* **Exercise aim**:
Transcribe the data that follows in full. Leave out the pictures.

* **Dataset content**:
[Start of section]
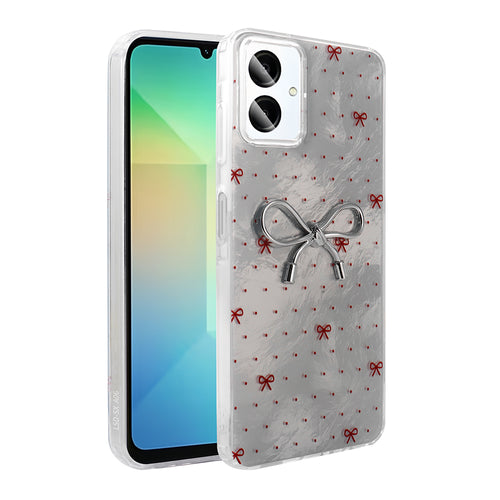 Galaxy A06 Kılıf Kamera Korumalı Figürlü Zore Ponti Silikon Kılıf - Açık Mavi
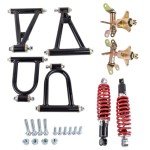 Flynsu Front Suspension Shock Kit for ATVs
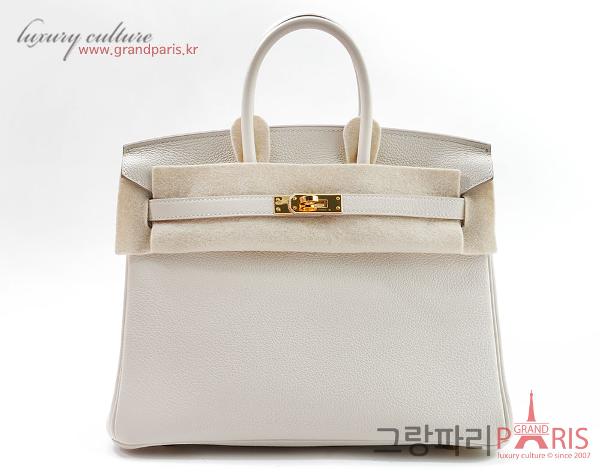 에르메스 벌킨 25 크레 금장 Z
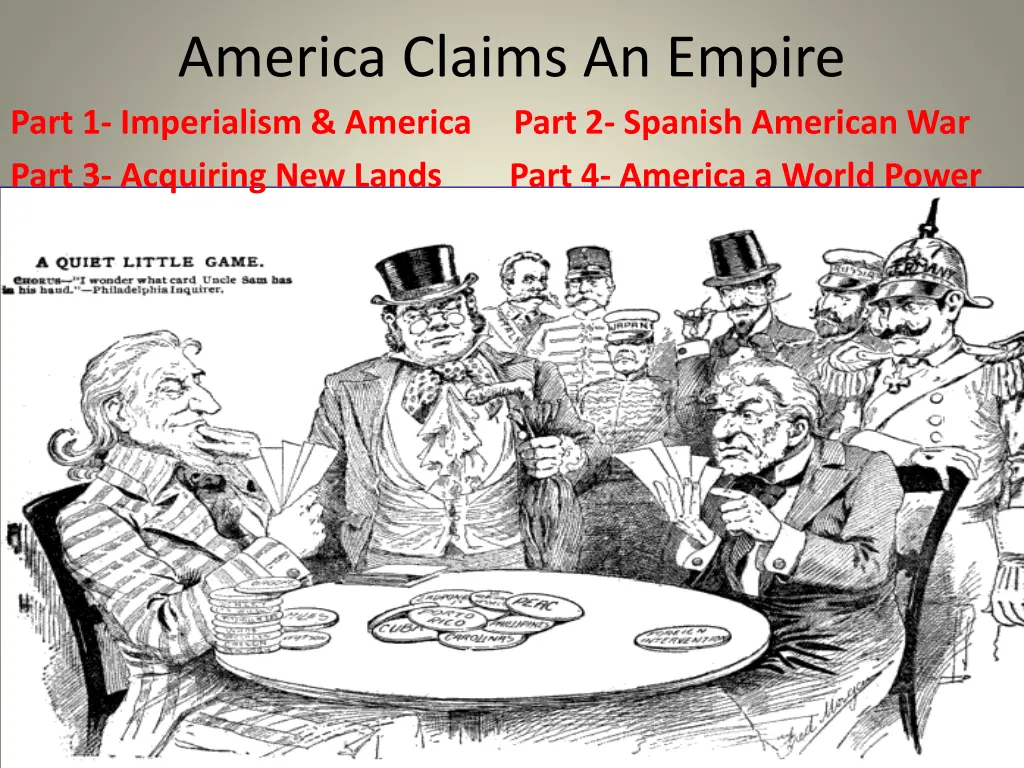 america claims an empire part 1 imperialism n.w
[End of section]
* **Result of the task**:
 Galaxy A06 Kılıf Kamera Korumalı Figürlü Zore Ponti Silikon Kılıf - Açık Mavi
 Flynsu Front Suspension Shock Kit for ATVs
 에르메스 벌킨 25 크레 금장 Z
 america claims an empire part 1 imperialism n.w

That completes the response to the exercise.